Performance and Organizational Culture

Organizational Culture has the potential to enhance organizational effectiveness, individual satisfaction, the sense of certainty about how problems need to be handled and so on. However, if the culture gets out of step with the changing expectations of the internal and external stakeholders, the organization’s effectiveness can be hindered. An underlying assumption is that an organization’s culture and it’s performance is directly related. Thus the rationale for attempting to change the culture is to create a more effective organization.

It is observed and also experienced that strong and well-developed cultures is an important characteristic of organizations that have outstanding performance records. The term strong culture implies that most managers and employees share a set of consistent values and methods of doing business and conducting themselves.

  1. A strong organizational culture facilitates goal alignment. The idea is that because all employees share the same basic assumptions, they can agree not just on what goals to pursue but also on the means by which they should be achieved. As a result, employee initiative, energy and enthusiasm is all channeled in the same direction. In these organizations, there are few problems of coordination and control, communication is quick and effective and resources are not wasted in internal conflicts. All this means organizational performance is likely to be healthy.
  2. A strong culture leads to high levels of employee motivation. There are two main arguments here. First, it has been suggested that there is something intrinsically appealing about the strong cultures that encourage people to identify with them. Second, it is sometimes thought that strong culture organizations incorporate practices which make working for them rewarding. These practices tend to include employee participation in decisionmaking and various recognition schemes.
  3. A strong culture is better able to learn from it’s past.The idea is that strong cultures characteristically possess agreed norms of behavior, integrative rituals and ceremonies and well-known stories. These reinforce consensus on the interpretation of issues and events based on the past experience, provide precedents from the organization’s history, which help decide how to meet new challenges, and promote self-understanding and social cohesion.
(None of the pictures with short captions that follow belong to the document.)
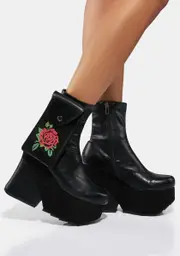 [Lamoda] Daydream Wedge Boots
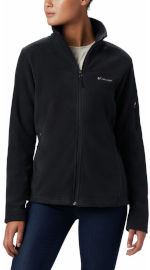 Columbia מעיל פליס לנשים Fast Trek II Full Zip W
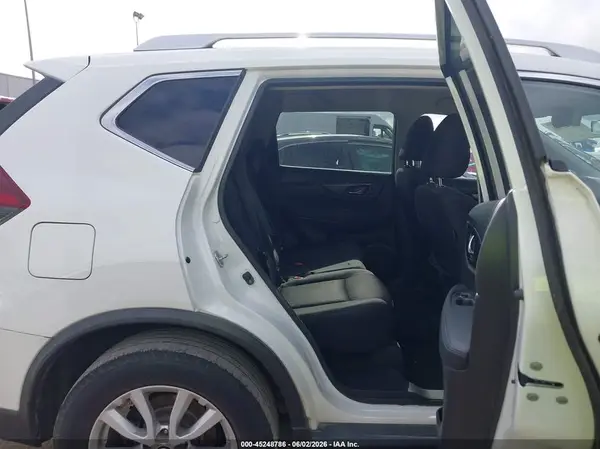 KNMAT2MT7KP535087 2019 NISSAN ROGUE - Image 8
Managing Cultural Diversity

Organizations are becoming increasingly diverse in terms of gender, race, ethnicity and nationality. This growing diversity can bring substantial benefits, such as more successful strategies, improved decision making and greater creativity and innovation. However, along with the benefits, cultural diversity also brings with it costs and concerns. These include communication difficulties, intra organizational conflicts and turnover. There are no easy answers to managing a culturally diverse workforce. However, research has revealed some common characteristics of employee values, managerial philosophy and organizational culture that are present in organizations having effective diversity management programs. Here are some guidelines for managing the cultural diversity successfully:

  1. Managers and employes must understand that a diverse workforce will embody different perspectives and approaches to work and must truly value variety of opinion and insight. Organizational Culture 211
  2. The leadership of the organization must recognize both the learning opportunities and challenges that this diversity present to the organization.
  3. The organizational culture must create an expectation of high performance from everyone.
  4. The organizational culture must stimulate personal development.
  5. The organizational culture must encourage openness.
  6. The organizational culture must make its members feel valued.
  7. The organization must have a well articulated and widely understood mission.
  8. The organization must have a relatively non-bureaucratic structure.